Goddard Institute for Space Studies (GISS), the National Oceanic and Atmospheric Administration (NOAA), and the Hadley Climate Research Unit (HADCRU) are the three main reporting agencies that calculate a global surface temperature anomaly. All three agencies rely heavily on land-based surface station temperature records to calculate the anomaly and this is where the dispute about UHI comes into play. There are other arguments against using surface station temperatures as a measure of atmospheric change, but in this post I’ll concentrate on UHI.

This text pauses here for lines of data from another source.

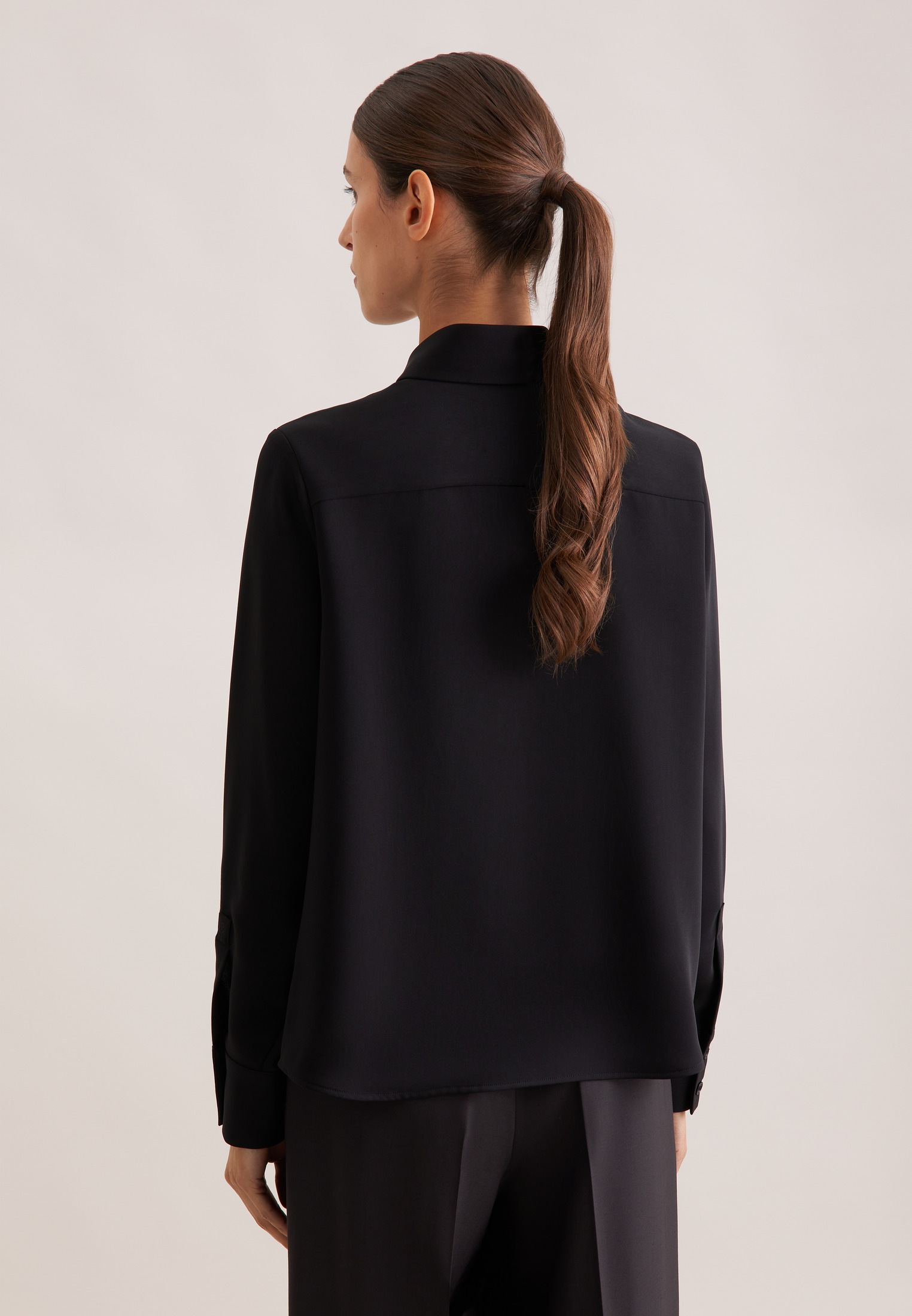 seidensticker Hemdbluse "Schwarze Rose" 1/1 Uni günstig online kaufen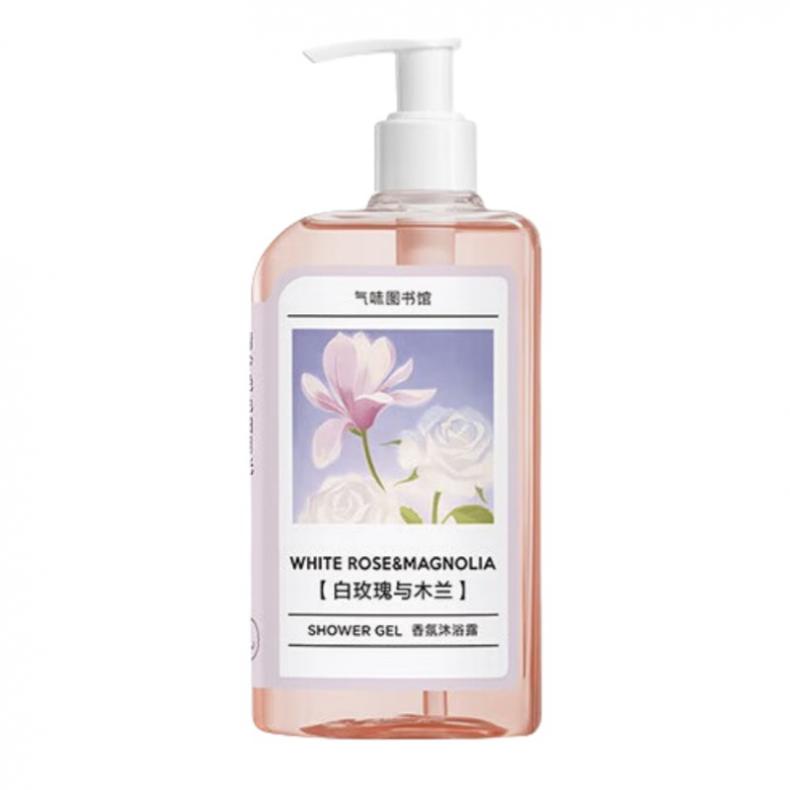 气味图书馆 白玫瑰与木兰 香氛沐浴露 295ml （单位：瓶） 新老包装随机发货 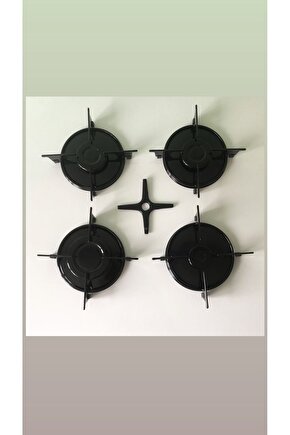 Kumtel Ko-40 Tahdf Camlı Ankastre Beyaz Ocak Izgara Ve Izgara Alt Sacı Bek Takımı 32 Parça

This is not a trivial discussion since the Anthropogenic Climate Change Theory Advocates (ACCTAs) also known as Anthropogenic Global Warming Alarmists (AGWAs) tend to use these anomalies as their main “evidence” of AGW. It is these alarming projections and hysterics that are driving politicians into “doing something” even if it further cripples the economy.
All three of the reporting agencies named above make an attempt at accounting for UHI. In this post I’ll point out the general methodology of how GISS does this with their GISSTemp anomaly.
The overall “Readme File” that comes with GISSTemp is somewhat lacking, but here is the documentation about the UHI methodology:
“The goal of the homogeneization effort is to avoid any impact (warming or cooling) of the changing environment that some stations experienced by changing the long term trend of any non-rural station to match the long term trend of their rural neighbors, while retaining the short term monthly and annual variations. If no such neighbors exist, the station is completely dropped, if the rural records are shorter, part of the non-rural record is dropped.”Set aside the misspelling of “homogenization.” Remember, they’re computer geeks so cut them a little slack. I haven’t yet gone into that section of the code to see exactly how they determine a “rural neighbor,” but at this point it isn’t necessary. All you need know is that if the rural neighbors are “contaminated” by their own UHI issues, then the anomaly for the urban station will be overstated in addition to the anomaly being overstated for the rural neighbor. Add that up a few thousand times and think about what it does to the data.
Given the poor quality control on US surface stations, as documented by Anthony Watts in his spring Surface Stations Report, we should immediately begin to question the resulting anomalies. If the surface stations in one of the most advanced countries on earth demonstrate such bias, what confidence can we have in the accuracy of stations located in less-developed countries? How can we trust an anomaly that results from bad data that isn’t validated despite the best efforts of analysts trying to “clean it up?” You can’t.
This isn’t due to deliberate malfeasance or conspiracy, but to the fact that there simply aren’t the proper controls in place to ensure accurate data. No matter how hard they try to statistically adjust the numbers, no matter their diligence in eliminating obvious outliers, there is no getting around the fact that thousands of surface stations are providing upwardly biased measurements.
I don’t think the agencies are deliberately “fudging” the numbers upward. I think they truly believe that they are adequately correcting for the bias. On the other hand, I think they are ignoring the highly suspect nature of the measurements collected by the surface stations and don’t have a proper understanding of just how bad the data is.